Nordicom is a knowledge centre for the area of media and communication research, a cooperation between the five countries of the Nordic region – Denmark, Finland, Iceland, Norway and Sweden.
Our work aims at developing media studies and at helping to ensure that research results are made visible in the treatment of media issues at different levels in both the public and private sector.
Nordicom publishes a large number of publications on media and ongoing trends in media development, our aim being to provide answers to complex questions concerning our contemporary media culture in the age of digitalization and globalization.
We receive questions on a daily basis regarding the media habits of children and youth and the effects of new communication patterns. How have these changes affected children and youth? What has happened to TV viewing, listening to the radio and reading newspapers? Do young people still read books and magazines? Do they understand what they read? What is the role of social media? Who are the most active media users? What groups are excluded? The questions are many and they are often quite complicated.
There is no doubt that we are talking about a changed communication society with new communication patterns.
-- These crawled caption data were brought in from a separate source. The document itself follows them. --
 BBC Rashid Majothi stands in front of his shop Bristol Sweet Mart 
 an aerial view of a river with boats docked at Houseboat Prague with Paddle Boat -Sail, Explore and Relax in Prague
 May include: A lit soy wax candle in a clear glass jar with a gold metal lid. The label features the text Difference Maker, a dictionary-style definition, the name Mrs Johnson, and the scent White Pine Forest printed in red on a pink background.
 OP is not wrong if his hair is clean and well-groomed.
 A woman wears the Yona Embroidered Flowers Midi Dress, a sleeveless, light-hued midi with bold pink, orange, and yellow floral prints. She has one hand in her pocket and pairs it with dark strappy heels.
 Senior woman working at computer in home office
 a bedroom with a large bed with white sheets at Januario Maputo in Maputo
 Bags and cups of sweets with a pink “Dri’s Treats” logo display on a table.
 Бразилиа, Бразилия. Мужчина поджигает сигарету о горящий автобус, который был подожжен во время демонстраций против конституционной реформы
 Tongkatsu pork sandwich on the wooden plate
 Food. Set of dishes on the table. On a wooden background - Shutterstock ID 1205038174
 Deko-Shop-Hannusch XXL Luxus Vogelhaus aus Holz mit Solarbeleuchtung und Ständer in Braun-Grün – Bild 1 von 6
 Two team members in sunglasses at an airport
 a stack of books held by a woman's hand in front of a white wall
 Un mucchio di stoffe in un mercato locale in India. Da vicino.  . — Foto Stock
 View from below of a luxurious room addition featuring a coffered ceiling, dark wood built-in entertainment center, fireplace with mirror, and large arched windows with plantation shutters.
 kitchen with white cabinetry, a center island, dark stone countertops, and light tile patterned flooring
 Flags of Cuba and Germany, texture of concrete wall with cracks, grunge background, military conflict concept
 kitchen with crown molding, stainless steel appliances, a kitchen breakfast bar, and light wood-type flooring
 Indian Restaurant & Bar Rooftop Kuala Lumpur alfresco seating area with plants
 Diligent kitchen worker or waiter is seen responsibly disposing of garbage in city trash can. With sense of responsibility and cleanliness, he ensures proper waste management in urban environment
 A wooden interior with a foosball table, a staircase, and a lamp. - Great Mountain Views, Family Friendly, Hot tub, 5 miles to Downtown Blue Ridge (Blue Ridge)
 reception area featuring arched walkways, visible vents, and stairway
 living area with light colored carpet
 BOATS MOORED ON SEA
Digitalization along with extensive media convergence is changing the communication system fundamentally with regard to time and space as well as social behaviour. This is particularly true for children and youth. Not since the introduction of television have we seen such radical changes in young people’s media culture than in the past ten years. These changes can have both short- and long-term effects. If we are to make decisions that have sustainable effects in the long run – especially from the perspective of democracy – we need knowledge of relevance.
There is a demand for current statistics in this area, and Nordicom has now compiled a selection of statistics on young people and media in the Nordic countries. It is our hope that this overview will contribute to increasing the knowledge base on young people’s media use in today’s network society.